I've been doing this analysis in April for many years, and I have always found it both fascinating and mind-blowing. Feel free to check out some of my older posts on the topic.
- 2012 Eurozone interest payment from 1995-2010 : €4.3 trillion
- 2013 European Public Sector Debt and Interest Payments for 2012 - €11 trillion debt, €380 billion in interest
- 2014 European Public Sector Debt and Interest Payments for 2013
- 2015 European Public Sector Interest Payments - €354 billion in 2014 - €6.66 trillion over 20 years
- 2016 European Public Sector Interest Payments in 2015 - over €325 billion in 20. €7.18 trillion since 1995
- 2017 European Public Sector Debt and Interest payments 1995-2016
- 2018 European Union Government debt now over €12.7 trillion
- 2019 Eurozone debt reaches €9.86 trillion - and interest payments now total €6.4 trillion since 1995
Note that sometimes my blog headlines talk about just the Eurozone figures, and sometimes it's the for the European Union. Anyway, I trust no-one will claim that I haven't been trying to draw attention to this!
A key figure in the latest set of data is the finding that Eurozone public sector debt now exceeds €10 trillion (€10,022,826200,000 to be precise) - up 0.92% on 2018. If we include all 28 countries in the European Union, the total debt is now over €13 trillion (€13,053,825,900,000), up 2% in a year.

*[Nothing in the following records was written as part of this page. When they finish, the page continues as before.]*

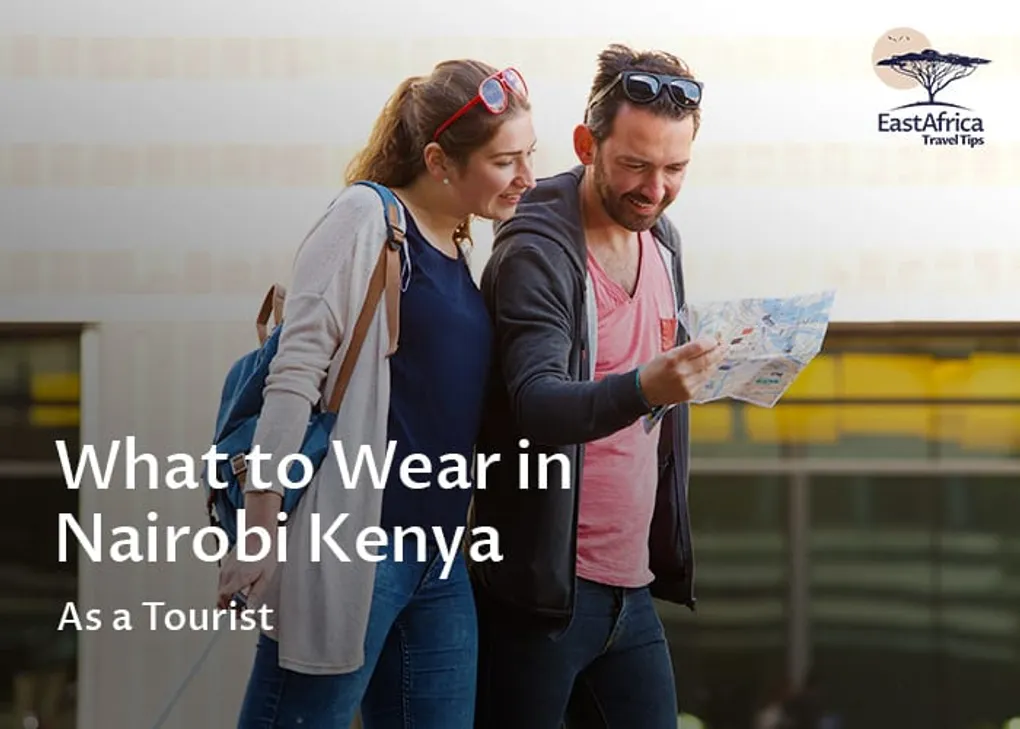 What to Wear in Nairobi Kenya: Advise from a Native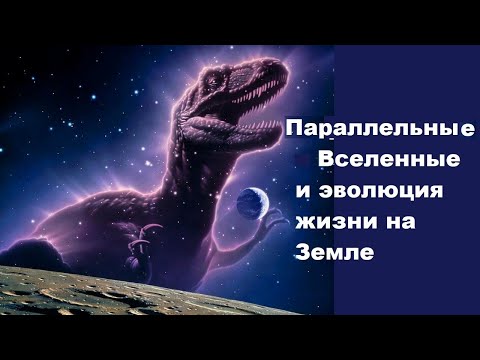 Видео: Параллельные Вселенные и эволюция жизни на Земле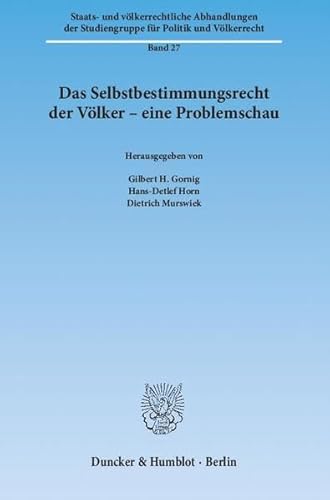 9783428140381: Das Selbstbestimmungsrecht Der Volker - Eine Problemschau (Staats Und Volkerrechtliche Abhandlungen Der Studiengruppe Fur Politik Und Volkerrecht, 27)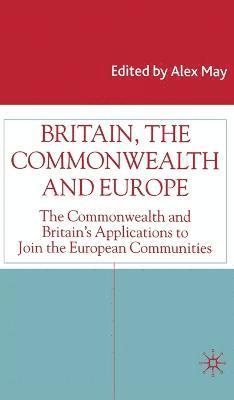 bokomslag Britain, the Commonwealth and Europe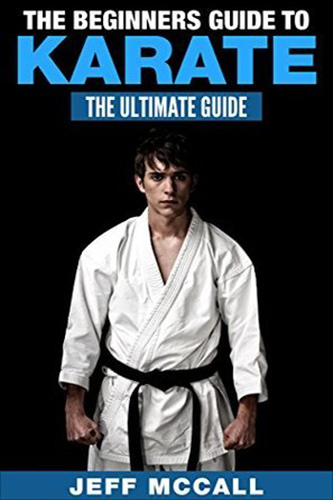 Karate-The-Ultimate-Guide-to-Beginning-Karate-by-Jeff-McCall-PDF-EPUB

A few countries have actually managed to get their debt levels down a bit. Sweden, which has its own currency, got its debt level down by 5.93% - well done Sweden. Within the Eurozone, the most successful countries have been the Netherlands (-2.68%), Austria (-1.70%), Slovenia (-1.48%) and Cypress (-1.40%). But, amusingly, Greece (-1.09%) actually did better than Germany, which only reduced its debt by -0.75%. But Lithuania, Luxembourg, Romania all had double digit percentage increases in debt, while French government debt increased 2.82% to reach €2.38 trillion. Meanwhile, the UK's debt also increased 2.92% to reach a record £1.892 trillion.
The tables also provide all these numbers in terms of GDP, but frankly, I find it more interesting to measure how things are going in hard cash numbers. Otherwise, you might be tempted to say that Germany's debt is minor, because it's a mere 59.8% of its GDP, compared with 98.1% for France, 117.7% for Portugal, 134.8% for Italy and 176.6% for poor old Greece. But Germany is has been over €2 trillion in debt every year since 2014. Is that something to be proud of?
The critical importance of these massive debt levels come in to sharp focus when you look at the other fascinating information provided in the new data - the staggering amounts of taxpayers' money that gets sent to banks, pension funds and the other rich investors who currently hold all our debt, and just have to sit back and wait for the money to arrive.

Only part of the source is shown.